30 April: Stonehaven | Aberchirder | Ordiquill | Knock | Nairn
After a bit of a run in the playground, we set off to Aberchirder. Back roads made for a slow and nerve-wracking drive, but we got to Aberchirder in time for a late pub lunch.
We walked up and down the main street and found what might have been Dad’s grandfather’s inn — only it didn’t have the requisite three storeys, just the right name. Everyone we spoke to said that Aberchirder is struggling; almost all the shops have closed, and the streets have a drear, deserted feel. Better was the old cemetery at Ordiquill — a quiet resting place with a fair collection of Wilsons and a good view of Knock Hill.
We made it to Nairn for the night. Nairn is a pretty town, with an attractive fishing harbour and a good beach. The camping ground manages to be positioned between the two, without taking advantage of either. Evening walk saved by nesting birds and a heron, grey as a wish in the falling night.
1 May: Nairn | Culloden | Balmacara
To Culloden this morning, a boggy, bare, windswept battlefield dotted with stone memorials and with rows of red and blue flags showing the front lines of the English and Jacobite armies. Saw skylarks and pied wagtails, and had a moment of solidarity with Highland cows. I know what it’s like to look out on the world from beneath a sweep of red hair.
We talked to a guide about the family story: a farmer and cattle drover from Knock tied to a cannon wheel and forced to show Cumberland’s army a route to Inverness. So hard to know how to read this — as betrayal or tragedy, cowardice or a missed opportunity. What was he thinking? What calculations, balances of loyalty, concern for his family, political affiliation, fear, anger, disgust did he have to weigh? What of this story has seeped into our family blood? Where does it come out?
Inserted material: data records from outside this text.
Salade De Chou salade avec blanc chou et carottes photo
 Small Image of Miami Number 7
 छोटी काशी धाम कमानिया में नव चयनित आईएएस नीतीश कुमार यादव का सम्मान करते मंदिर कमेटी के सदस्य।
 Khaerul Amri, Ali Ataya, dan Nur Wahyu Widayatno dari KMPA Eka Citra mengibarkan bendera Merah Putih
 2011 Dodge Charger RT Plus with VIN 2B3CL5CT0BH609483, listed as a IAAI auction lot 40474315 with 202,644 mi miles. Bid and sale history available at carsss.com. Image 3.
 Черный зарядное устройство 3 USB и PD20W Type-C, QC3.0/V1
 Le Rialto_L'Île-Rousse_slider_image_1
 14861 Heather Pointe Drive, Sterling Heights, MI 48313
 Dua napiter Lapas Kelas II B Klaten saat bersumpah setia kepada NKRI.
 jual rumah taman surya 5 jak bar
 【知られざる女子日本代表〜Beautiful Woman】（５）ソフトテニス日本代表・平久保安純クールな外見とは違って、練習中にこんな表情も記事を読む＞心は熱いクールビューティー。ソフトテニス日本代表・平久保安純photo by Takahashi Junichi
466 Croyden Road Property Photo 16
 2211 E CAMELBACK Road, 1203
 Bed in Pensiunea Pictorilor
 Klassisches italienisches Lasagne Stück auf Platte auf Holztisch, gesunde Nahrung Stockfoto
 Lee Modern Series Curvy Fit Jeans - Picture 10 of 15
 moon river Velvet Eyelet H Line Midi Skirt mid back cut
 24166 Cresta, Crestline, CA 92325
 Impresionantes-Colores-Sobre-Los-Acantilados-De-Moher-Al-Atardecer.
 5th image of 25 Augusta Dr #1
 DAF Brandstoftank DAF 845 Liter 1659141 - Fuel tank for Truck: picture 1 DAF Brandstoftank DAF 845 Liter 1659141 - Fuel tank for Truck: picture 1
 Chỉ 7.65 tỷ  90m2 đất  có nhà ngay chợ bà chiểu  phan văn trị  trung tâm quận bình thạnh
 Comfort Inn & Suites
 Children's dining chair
We headed for Skye after that, but called it quits at Balmacara, where the late sun shone on a perfect little camping ground — white buildings with tiled and wooden bathrooms, hand-painted signs, a kind and thoughtful warden, trees, grass, and the long, hill-ranged loch across the road.
2 May: Balmacara | Skye | Sligachan
Rain. And wind. Good lunch, but.
3 May: Sligachan | Lagganbeg
Another long day of navigating very narrow roads and small towns, driving through highland passes and along lochs to Luss. No sites available there, so we continued to Lagganbeg.
Everyone well over campervanning by now, but the rain did stop in the evening and our highland blanket is cheering. Beautiful landscapes.
4 May: Lagganbeg | Glasgow | Edinburgh | London
Um, yes. Punctured a tyre driving out of the campsite. Long negotiations with the hire company and the rest of the family, who were on the way to our 1pm train from Edinburgh to London. Ditched the campervan and took a taxi to Glasgow. Have never been more relieved to drive away from something in my life. Detours on the way to get cash and figure out where we were going. Swift transfer to another taxi. Tense and proficient drive to Edinburgh, including roadworks. Cost = gulp. Arrived at station with six minutes to spare. Everyone made it onto the train. Long journey to London. Flat above a pub and a bit inadequate.